● **PROVIDED MATERIAL**
- Opening Delimiter -

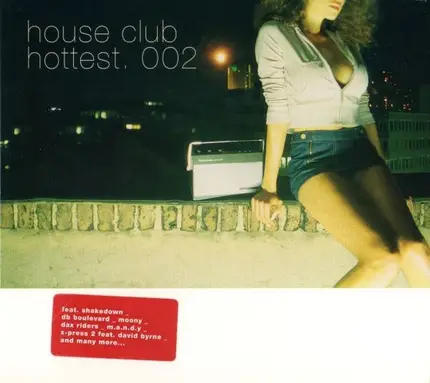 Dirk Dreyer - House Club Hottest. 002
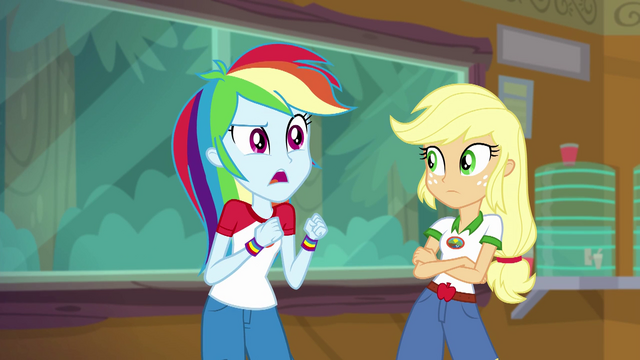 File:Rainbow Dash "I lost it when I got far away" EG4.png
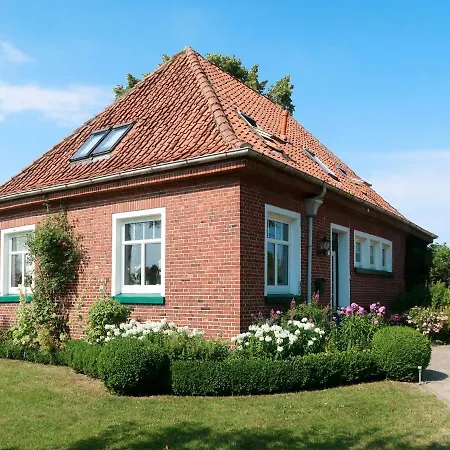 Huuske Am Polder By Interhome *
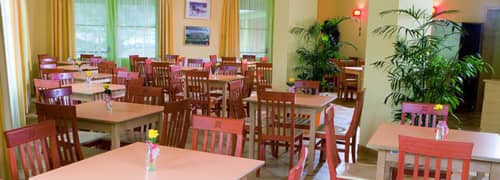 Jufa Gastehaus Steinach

- Closing Delimiter -
- Opening Delimiter -

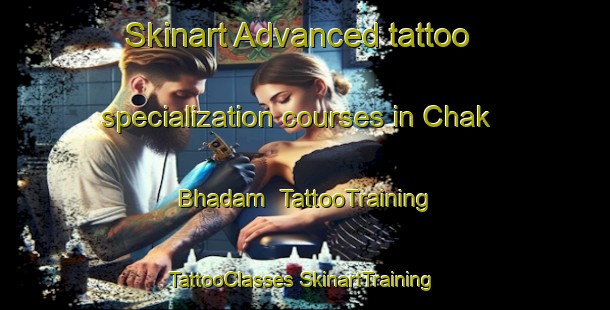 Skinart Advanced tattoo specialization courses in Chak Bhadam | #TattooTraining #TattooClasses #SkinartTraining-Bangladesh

- Closing Delimiter -
- Opening Delimiter -

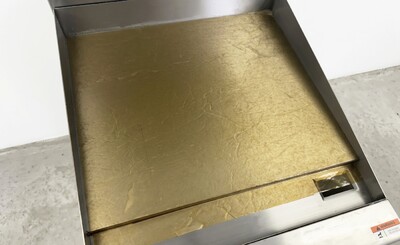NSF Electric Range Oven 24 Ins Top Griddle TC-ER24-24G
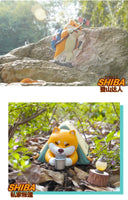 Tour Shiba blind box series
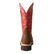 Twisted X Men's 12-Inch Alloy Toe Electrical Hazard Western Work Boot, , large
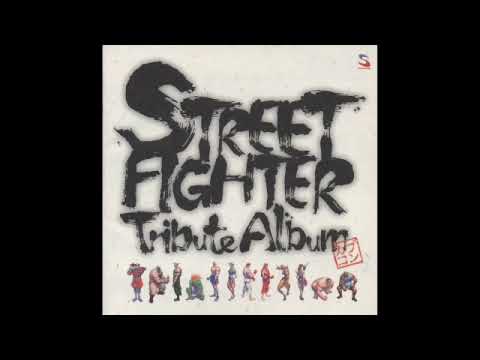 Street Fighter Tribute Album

- Closing Delimiter -

● **ABOUT THIS TASK**
Would you output the lines above from the line holding "Dirk Dreyer - House Club Hottest. 002" up to and including the line holding "Jufa Gastehaus Steinach", exactly and only those, with no pictures?

● **OUTPUT**
 Dirk Dreyer - House Club Hottest. 002
 File:Rainbow Dash "I lost it when I got far away" EG4.png
 Huuske Am Polder By Interhome *
 Jufa Gastehaus Steinach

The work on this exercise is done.